◆ WORK ITEM ◆
Your copy should begin with the line containing "Along These Lines", end with the line containing "pureclinica Triple Strength", match the listing below exactly, and contain no pictures.

◆ DATA SUPPLIED ◆
━━━━━━━━━━━━━━━━━━━━━━━━━━━━━━

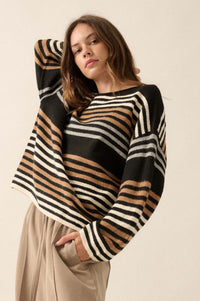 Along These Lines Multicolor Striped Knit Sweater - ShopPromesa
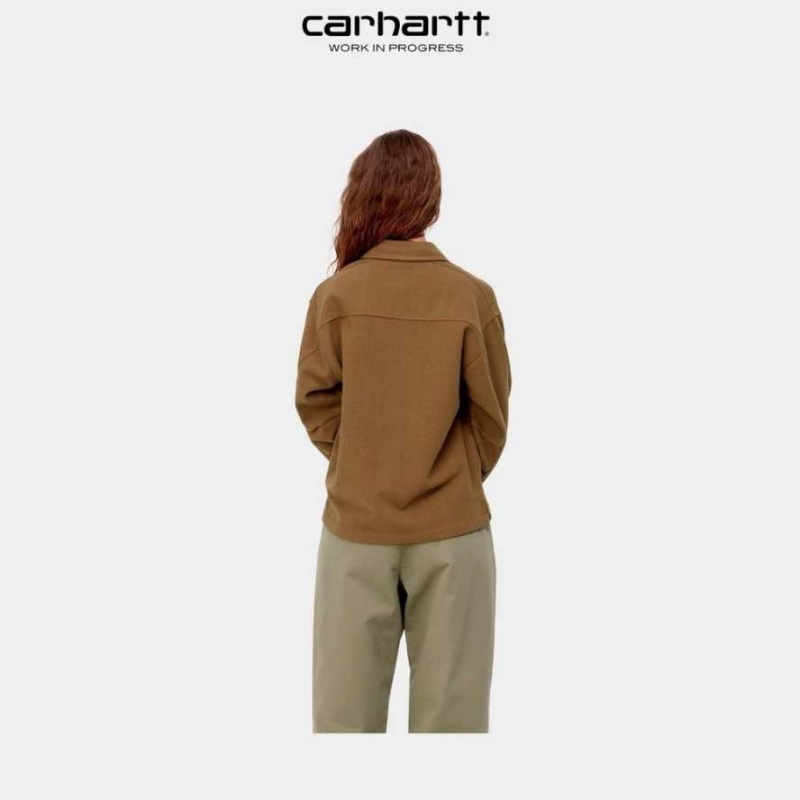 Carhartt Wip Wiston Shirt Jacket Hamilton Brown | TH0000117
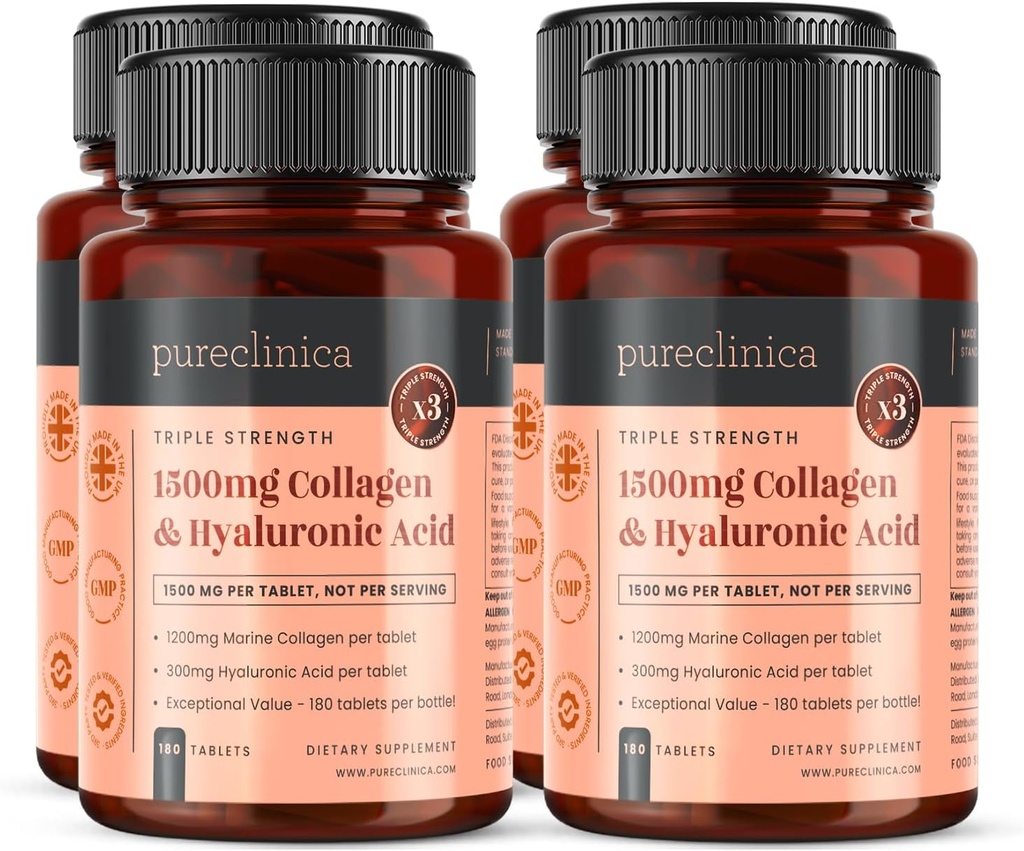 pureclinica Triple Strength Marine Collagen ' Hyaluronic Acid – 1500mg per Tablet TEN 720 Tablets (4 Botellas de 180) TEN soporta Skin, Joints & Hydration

━━━━━━━━━━━━━━━━━━━━━━━━━━━━━━

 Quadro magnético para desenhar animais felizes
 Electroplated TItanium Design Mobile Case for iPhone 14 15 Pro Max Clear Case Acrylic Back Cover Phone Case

━━━━━━━━━━━━━━━━━━━━━━━━━━━━━━

◆ ANSWER TO THE EXERCISE ◆
 Along These Lines Multicolor Striped Knit Sweater - ShopPromesa
 Carhartt Wip Wiston Shirt Jacket Hamilton Brown | TH0000117
 pureclinica Triple Strength Marine Collagen ' Hyaluronic Acid – 1500mg per Tablet TEN 720 Tablets (4 Botellas de 180) TEN soporta Skin, Joints & Hydration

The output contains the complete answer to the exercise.